Dia 23 de setembro de 2015. “Vitória! Lisboa vai receber a Web Summit em 2016, 2017 e 2018!”, gritaram abraçados e em euforia os protagonistas da candidatura de Portugal à Web Summit assim que Paddy Cosgrave anunciou a decisão. Para o vice-primeiro-ministro, seríamos “a sede do maior encontro global de tecnologia”, para o secretário de Estado, o retorno do evento poderia “alcançar 175 milhões de euros em 2016”, rematando o presidente da Câmara que ali se iniciava “uma nova era, a era da Lisboa moderna”.
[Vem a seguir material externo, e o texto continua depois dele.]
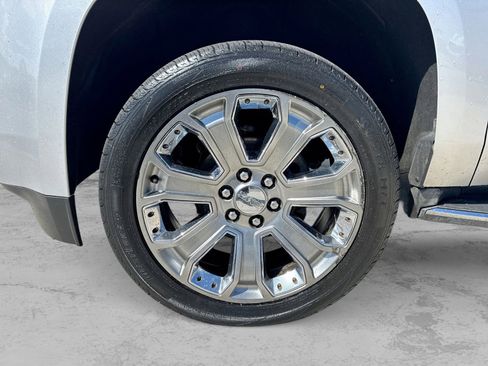 Used 2016 GMC Yukon Denali w/ Open Road Package AWD/4WD image 17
Paddy Cosgrave criou a Web Summit em 2009 como um polo de networking entre startups e investidores. O reduzido número de visitantes e de receita levou Cosgrave a rever o modelo, promovendo-o como o maior congresso mundial de tecnologia, com auditórios e oradores famosos, não obstante a maioria das conferências ter pouco ou nada de tecnologia. Teve mais visitantes, receitas e lucro, agora precisava de mais espaço e mais financiamento.
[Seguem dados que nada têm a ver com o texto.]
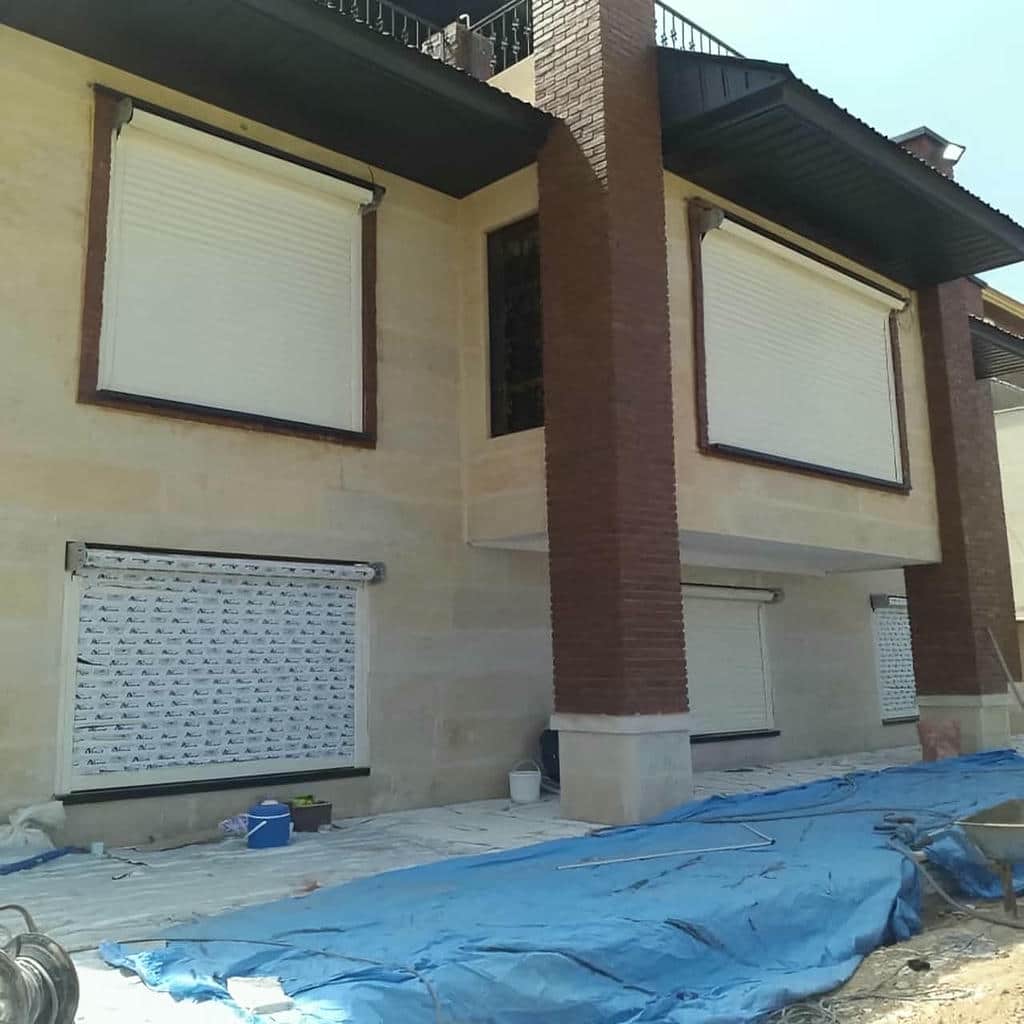 نصب کرکره برقی پنجره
Levanta-se Lisboa a oferecer instalações na Parque Expo e um subsídio médio anual de 433 mil euros entre 2016 e 2018, quase quatro vezes o que Dublin pagara em 2015. Cosgrave nem hesita, larga Dublin e vem para Lisboa.

E que impacto teve a Web Summit? Sejamos simples. Em 2016, a edição de Lisboa recebe 50 mil visitantes, mais 20 mil do que Dublin em 2015. Em 2018, são 70 mil, o máximo até hoje. O Estado exulta, mas sem razão nenhuma: em 2016, Lisboa recebeu 49,7 mil turistas por dia, muito mais do que os 20 mil por dia na Web Summit sem retirar os nacionais e os que só ficam um ou dois dias. E este peso do evento continuou a baixar nos anos seguintes. Além disso o Ministério das Finanças mostra que as receitas e a coleta de IVA estiveram muito abaixo do esperado pelo governo neste período, com défices de 196 milhões e 77,5 milhões de euros.

Não obstante, a incompetência, o ego e a parolice de quem manda prevalece e em 2017 é assinado um novo contrato por dez anos, em que Cosgrave recebe 200 milhões (20 milhões de euros por ano) para um evento em claro desgaste. O irlandês esfregou as mãos de contente e foi sapatear o seu Riverdance preferido.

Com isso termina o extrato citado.